» INPUT DATA
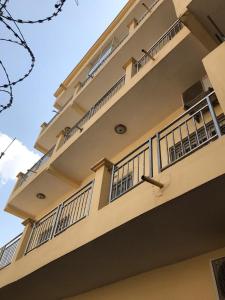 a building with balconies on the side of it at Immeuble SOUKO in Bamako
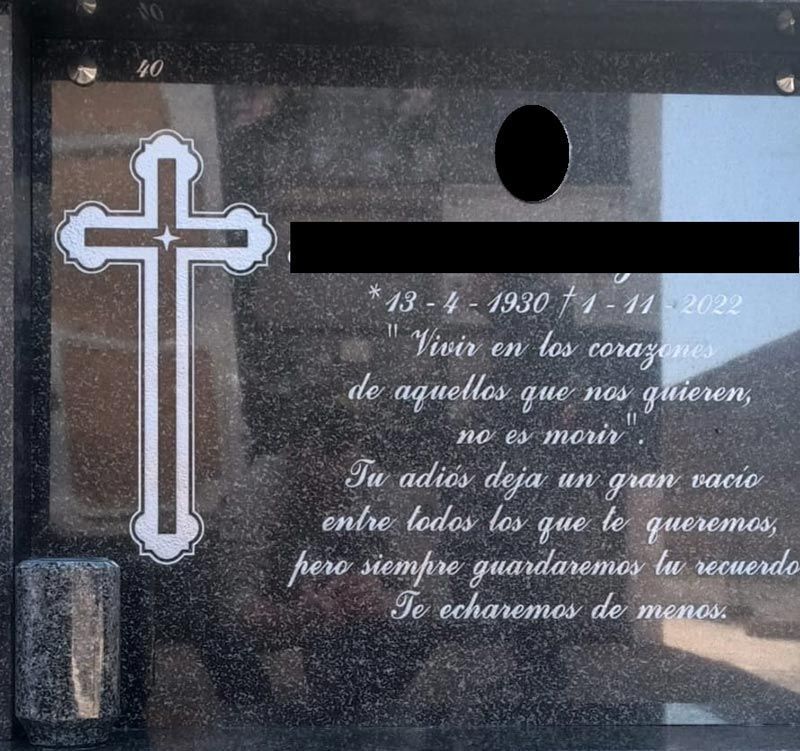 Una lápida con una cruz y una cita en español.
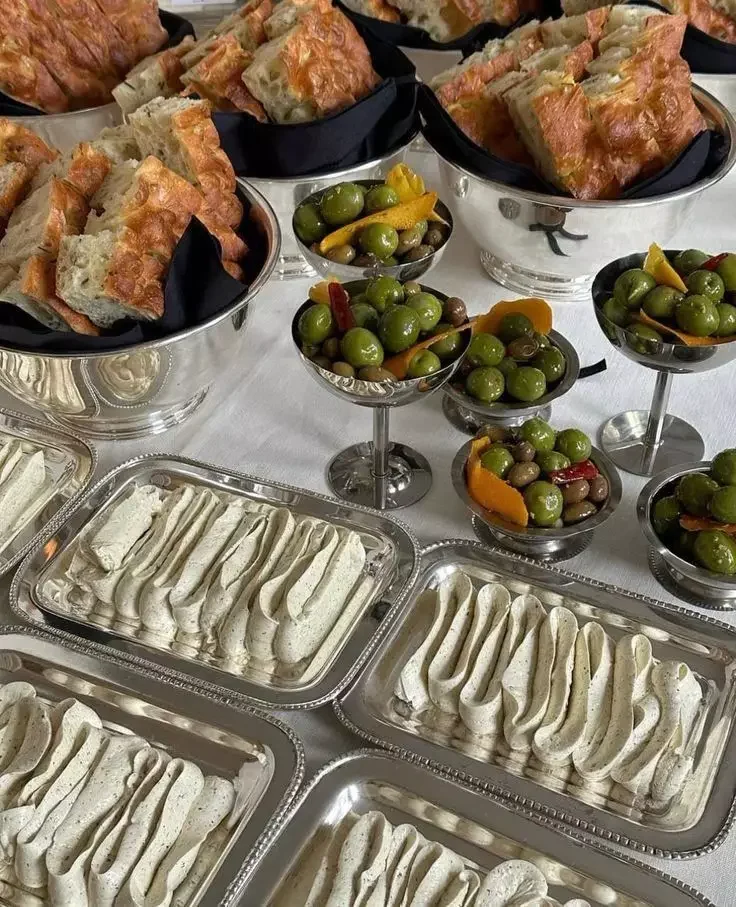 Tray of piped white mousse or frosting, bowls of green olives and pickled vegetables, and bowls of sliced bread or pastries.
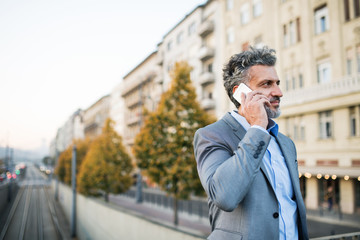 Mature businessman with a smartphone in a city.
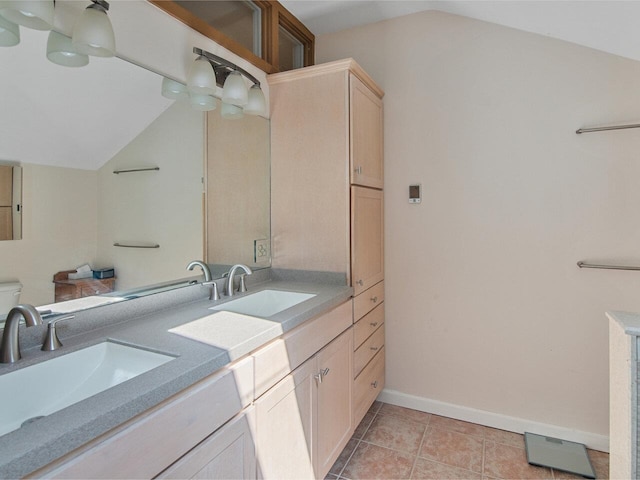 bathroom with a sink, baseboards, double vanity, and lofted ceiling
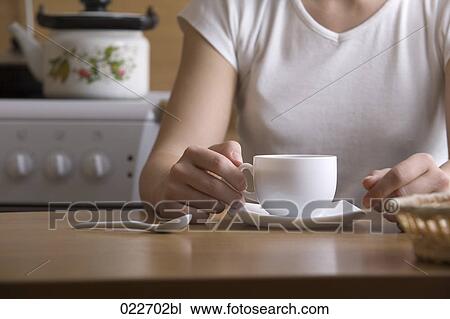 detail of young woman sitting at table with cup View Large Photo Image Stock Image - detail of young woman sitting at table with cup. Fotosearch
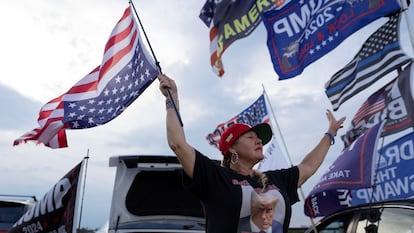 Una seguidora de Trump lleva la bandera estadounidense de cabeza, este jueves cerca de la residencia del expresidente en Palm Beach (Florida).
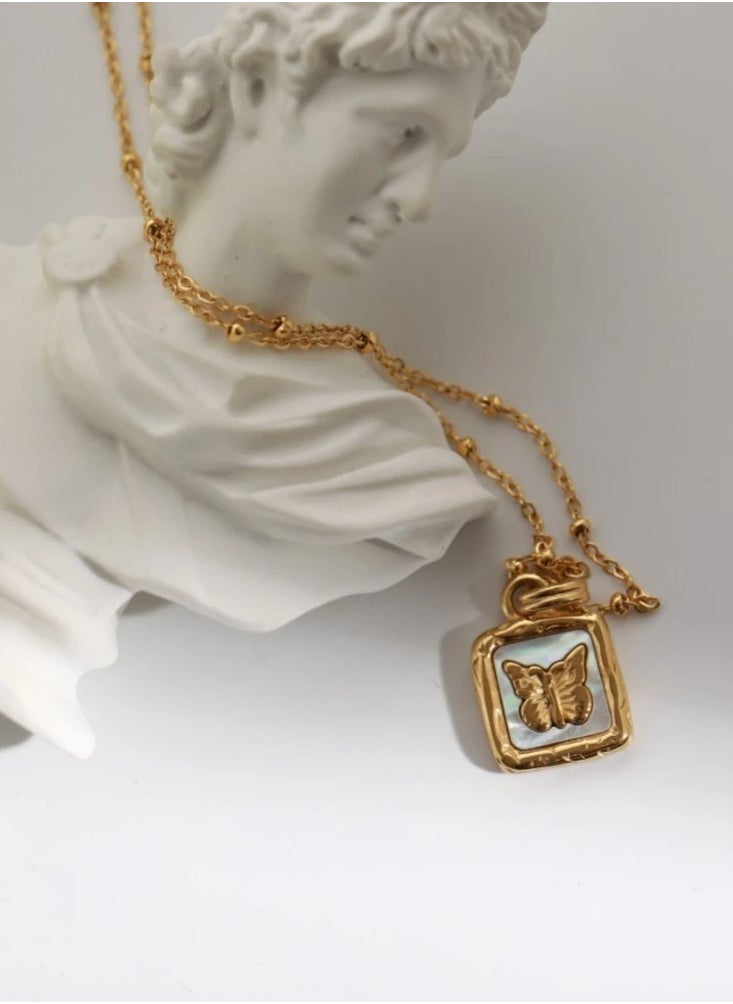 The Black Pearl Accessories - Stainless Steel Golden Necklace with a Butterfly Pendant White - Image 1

» WHAT TO PRODUCE
With all pictures removed, reproduce the lines from the top of the entries above through the line containing "Mature businessman with", exactly as written.

» ANSWER
 a building with balconies on the side of it at Immeuble SOUKO in Bamako
 Una lápida con una cruz y una cita en español.
 Tray of piped white mousse or frosting, bowls of green olives and pickled vegetables, and bowls of sliced bread or pastries.
 Mature businessman with a smartphone in a city.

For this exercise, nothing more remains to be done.